Mexican Secretary of Economy Ildefonso Guajardo Villarreal criticized the idea in a statement issued June 5. “Mexico has been clear, and Canada has been clear, the main interest is to maintain an agreement that has been highly productive for the integration of North America. We believe that there would be a loss of value if this agreement ceased to be what it is and what we want it to remain: a trilateral integration in the continent.”

Senate Finance Committee Chairman Orrin Hatch, R-Utah, also panned the idea in a tweet. "Now is the time to stay the course and work with our trading partners to find a path forward on an updated NAFTA that will meet the high standards of bipartisan TPA [trade promotion authority] and gain the support of Congress," he said.

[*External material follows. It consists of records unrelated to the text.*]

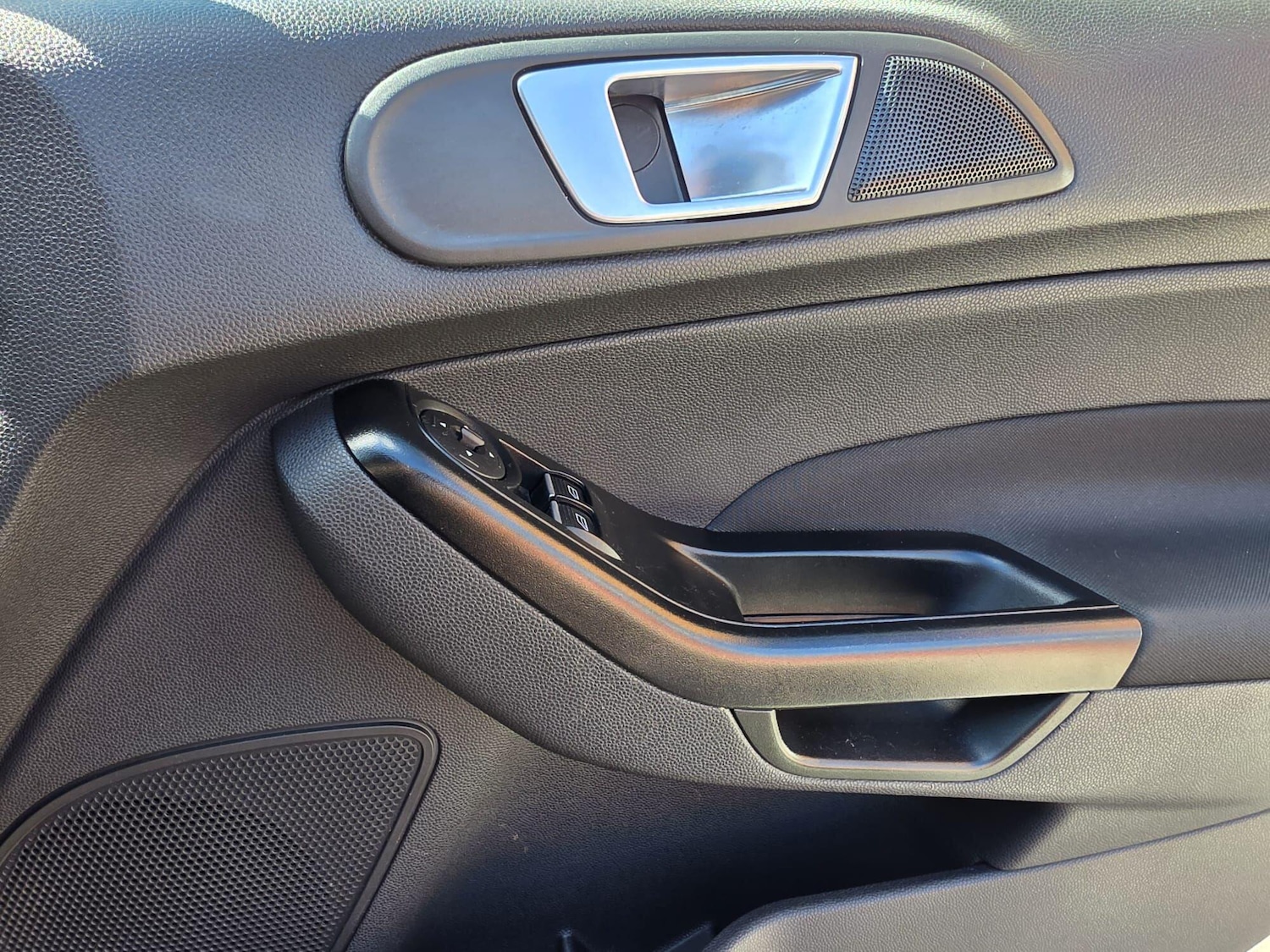 Used Ford Fiesta 2015 for sale - 76619901: Photo 22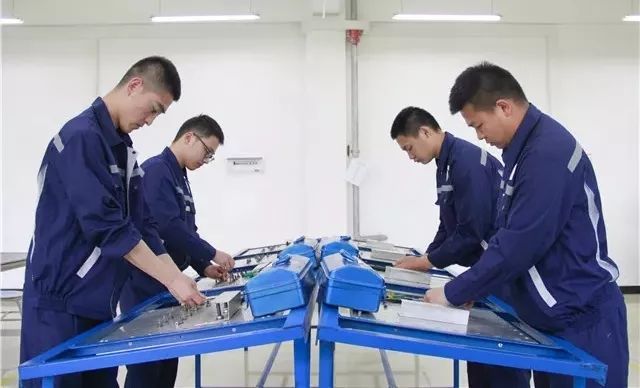 四川綿陽飛行職業(yè)技術學校(飛行職業(yè)學校的小知識點)
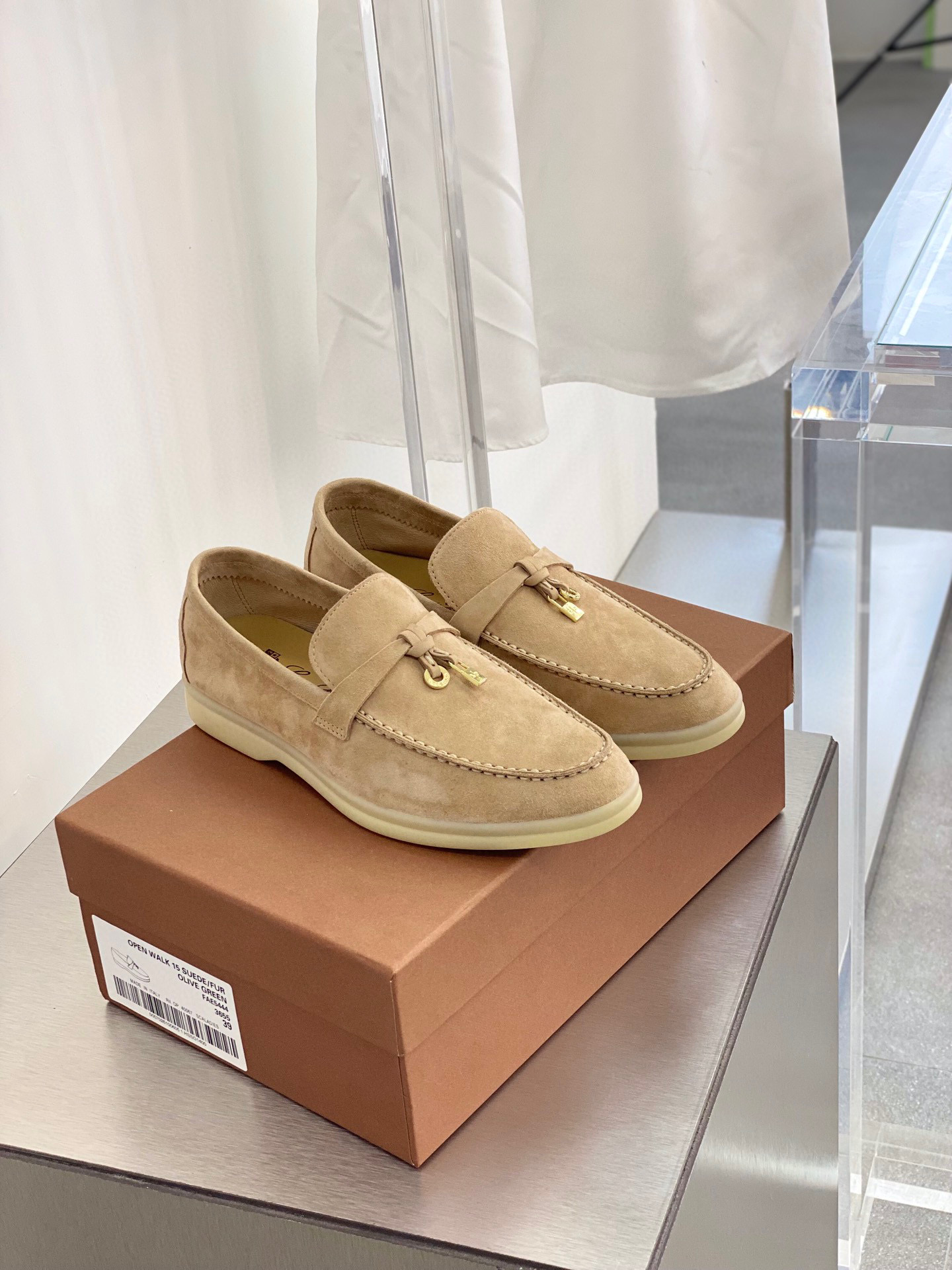 [Loro Piana] 로로피아나 썸머워크 로퍼 남녀공용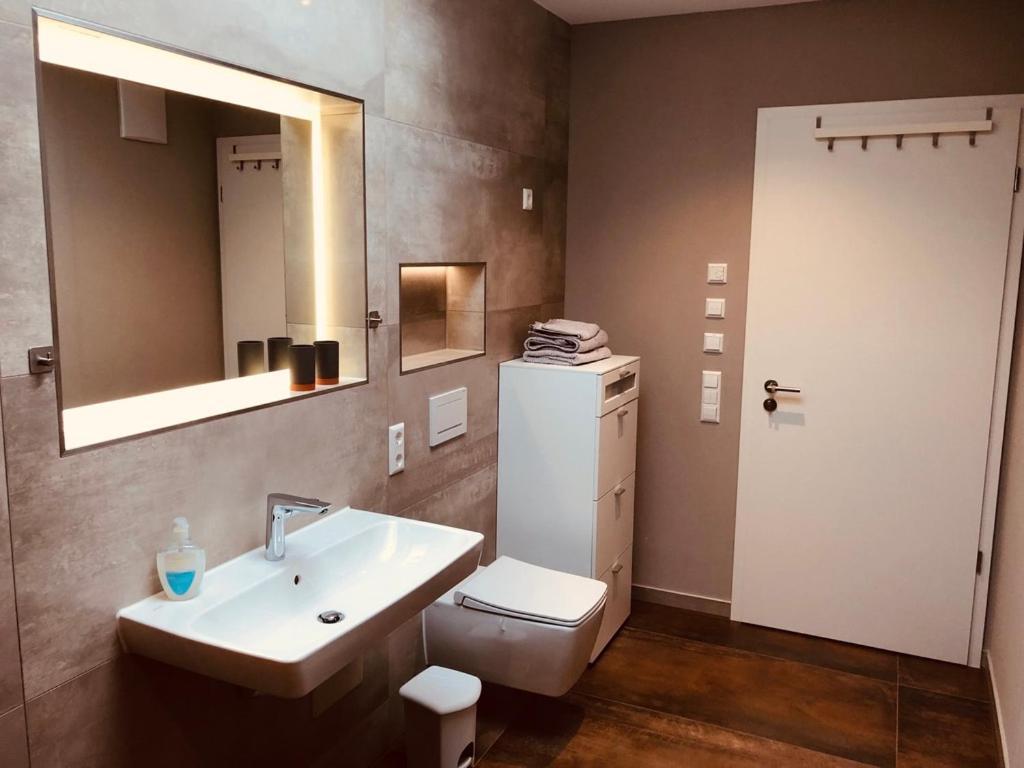 Penthouse Apartment Mit Alpenblick Friedrichshafen Esterno foto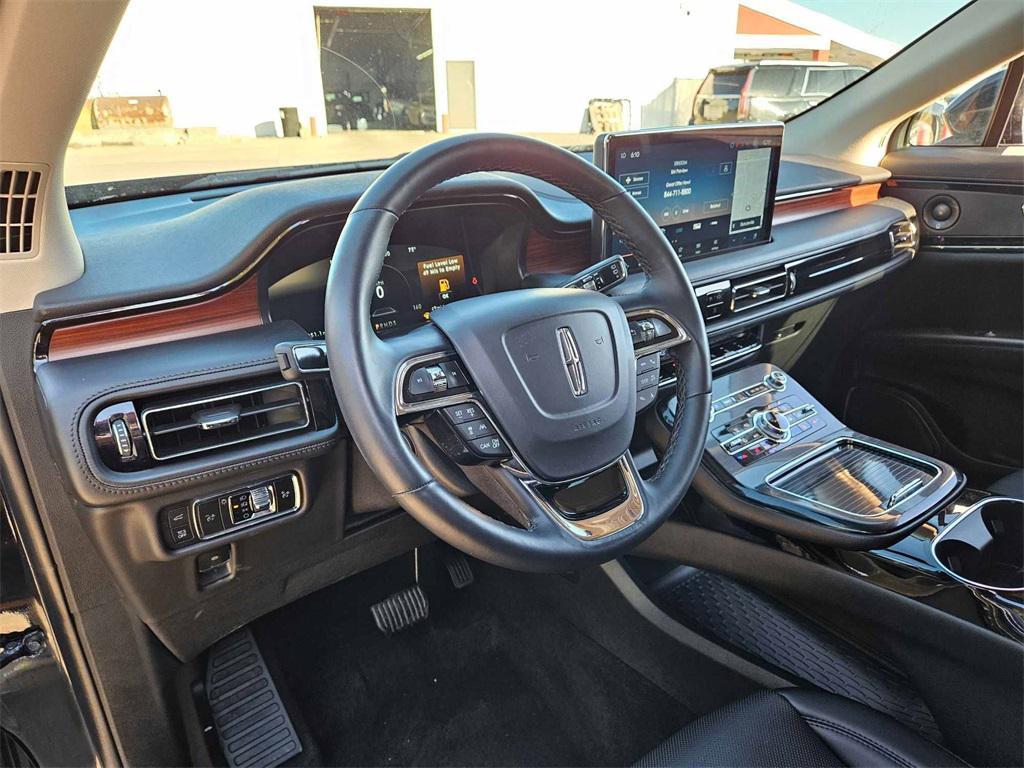 used 2023 Lincoln Nautilus car, priced at $34,600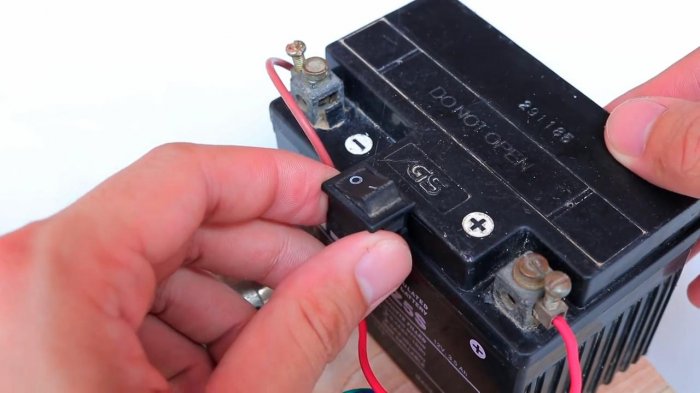 Механический преобразователь 12 - 220 В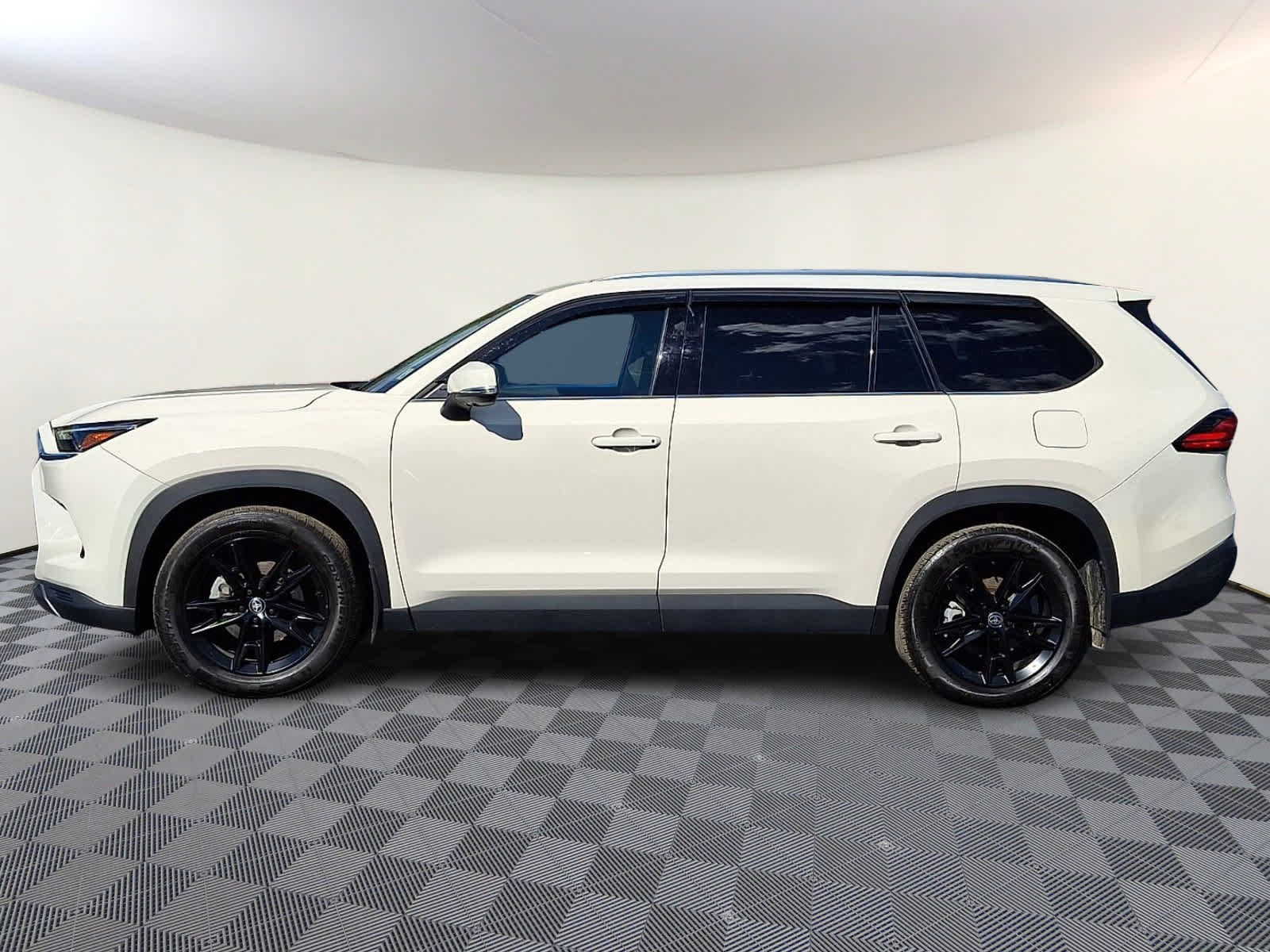 Used 2024 Toyota Grand Highlander AWD image 9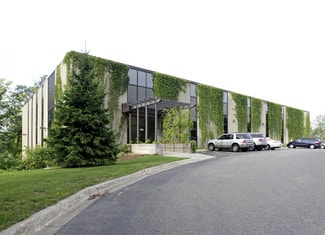 Plus de détails pour 4024 Peavey Rd, Chaska, MN - Industriel à vendre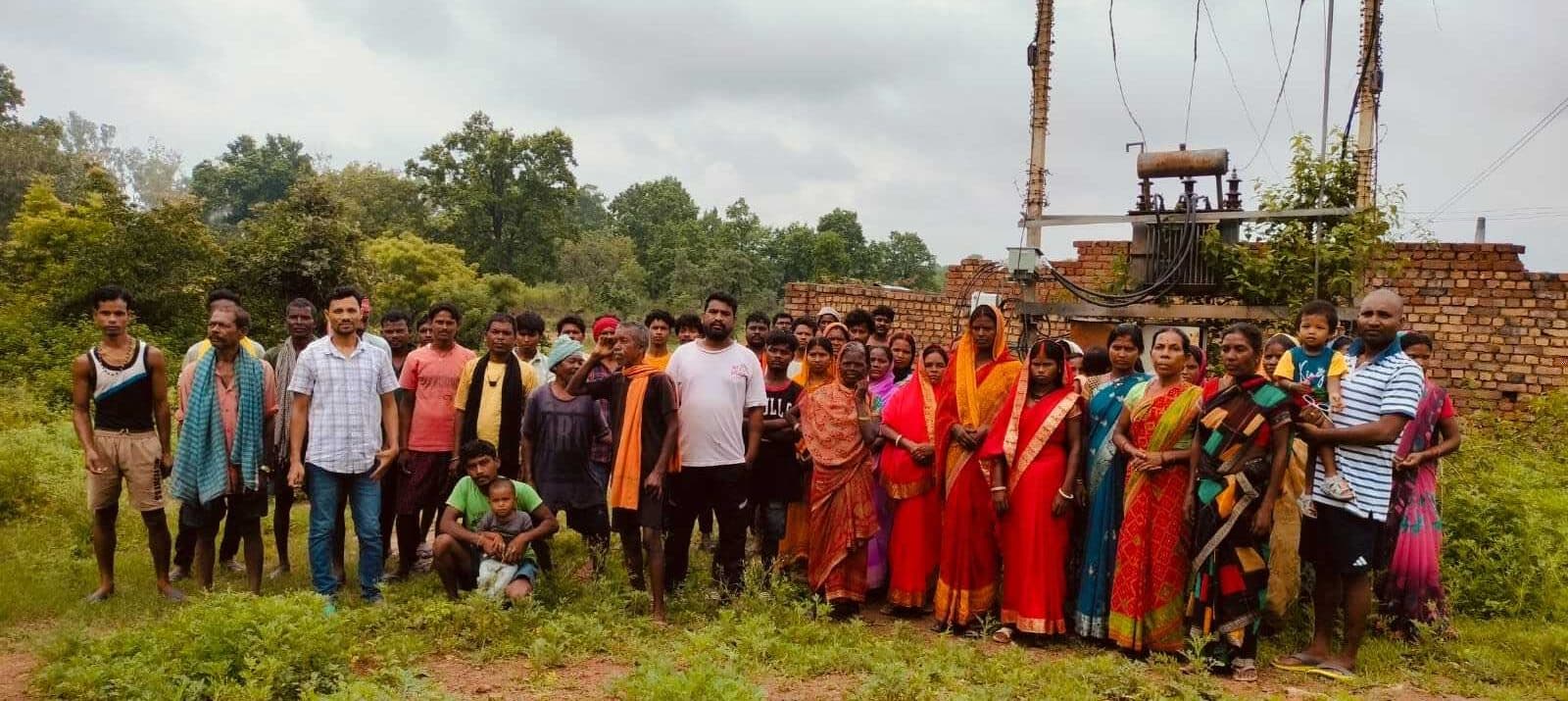 ट्रांसफॉर्मर जला, हेसालौंग मुंडाटोली गांव अंधेरे में, ग्रामीण परेशान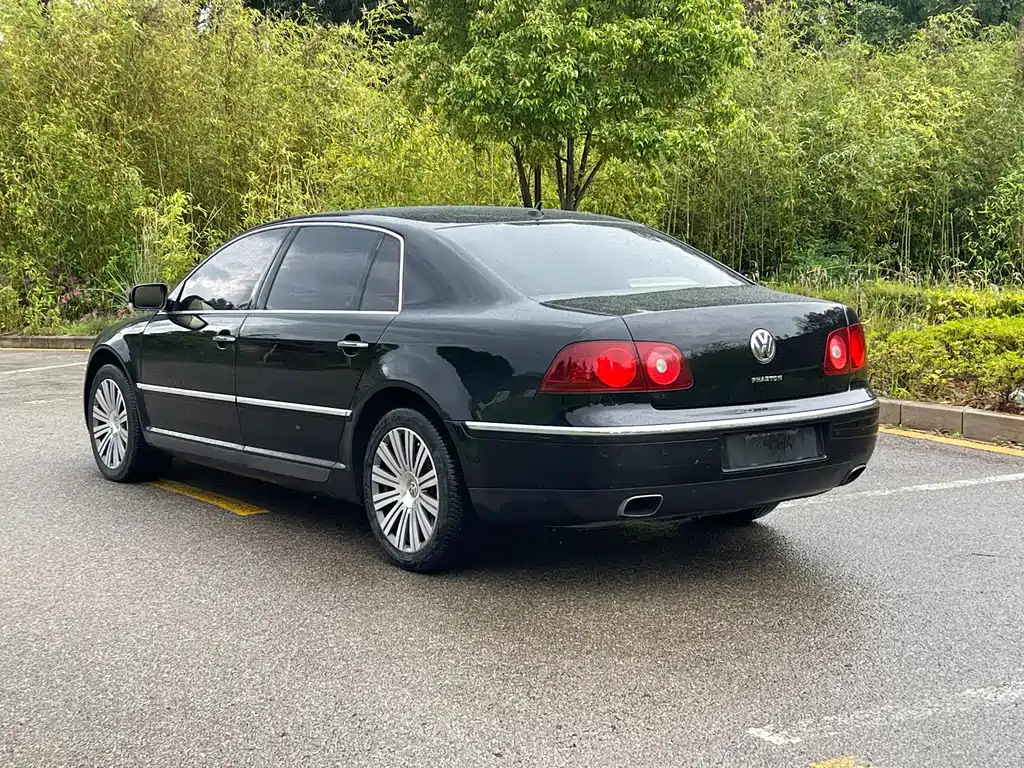 Phaeton 4.2 L V8 4-seat Extended Executive
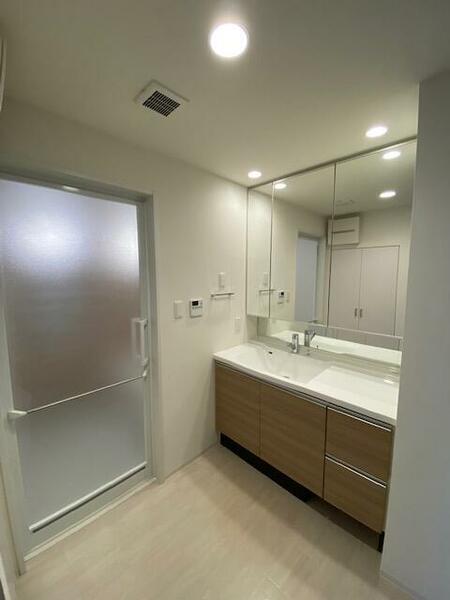 画像7:浴室も１枚扉ですので、お掃除が楽です。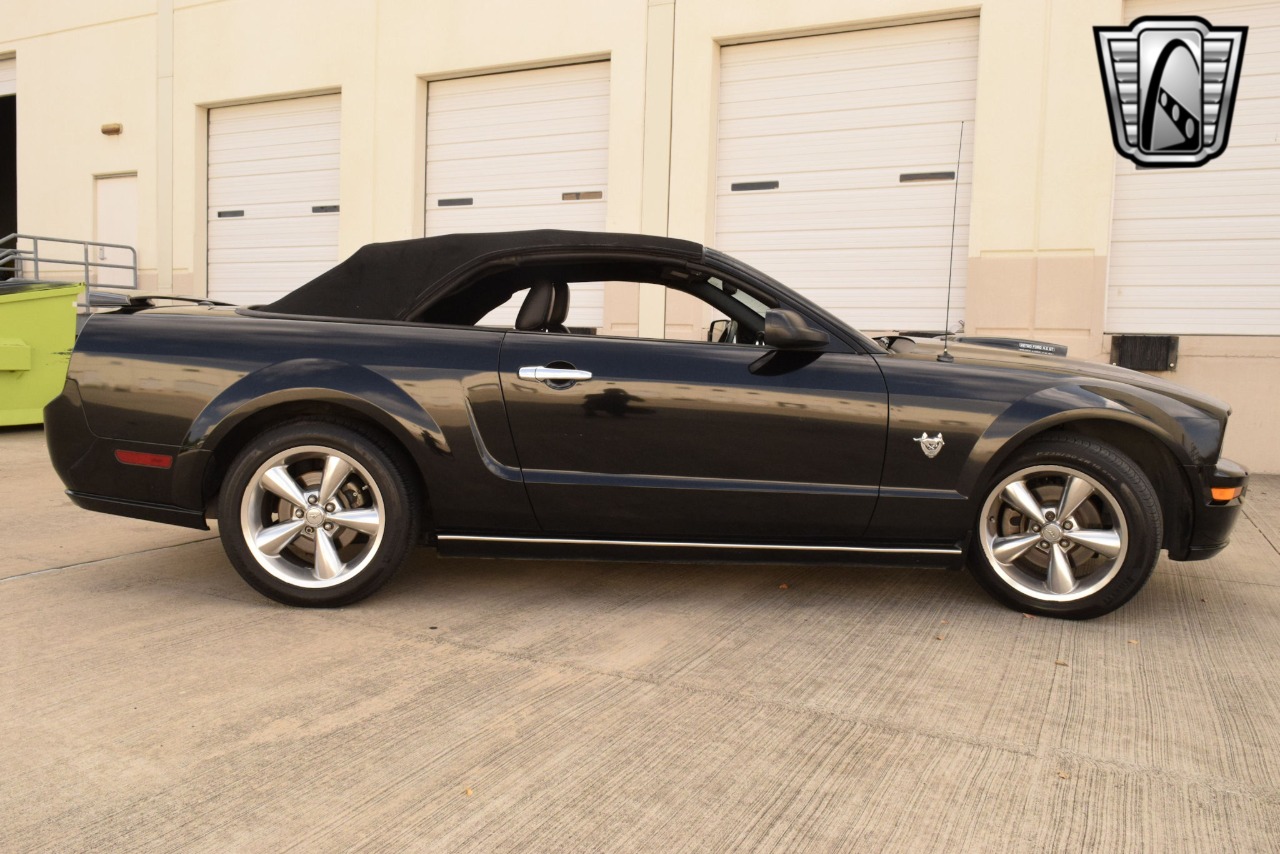 2009 Ford Mustang 42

A top Chamber of Commerce official dismissed the idea. Senior Vice President for International Policy John Murphy tweeted, "The impediments to concluding the negotiations lie in US 'poison pill' proposals to (1) make compliance with dispute settlement panels voluntary, (2) introduce a sunset clause, (3) eliminate investor-state dispute settlement, and (4) gut procurement rules, among others. Both Canada and Mexico oppose these 'poison pills.' So do Congress and the U.S. business and agriculture communities. Negotiating two bilateral trade pacts won’t fix change those realities."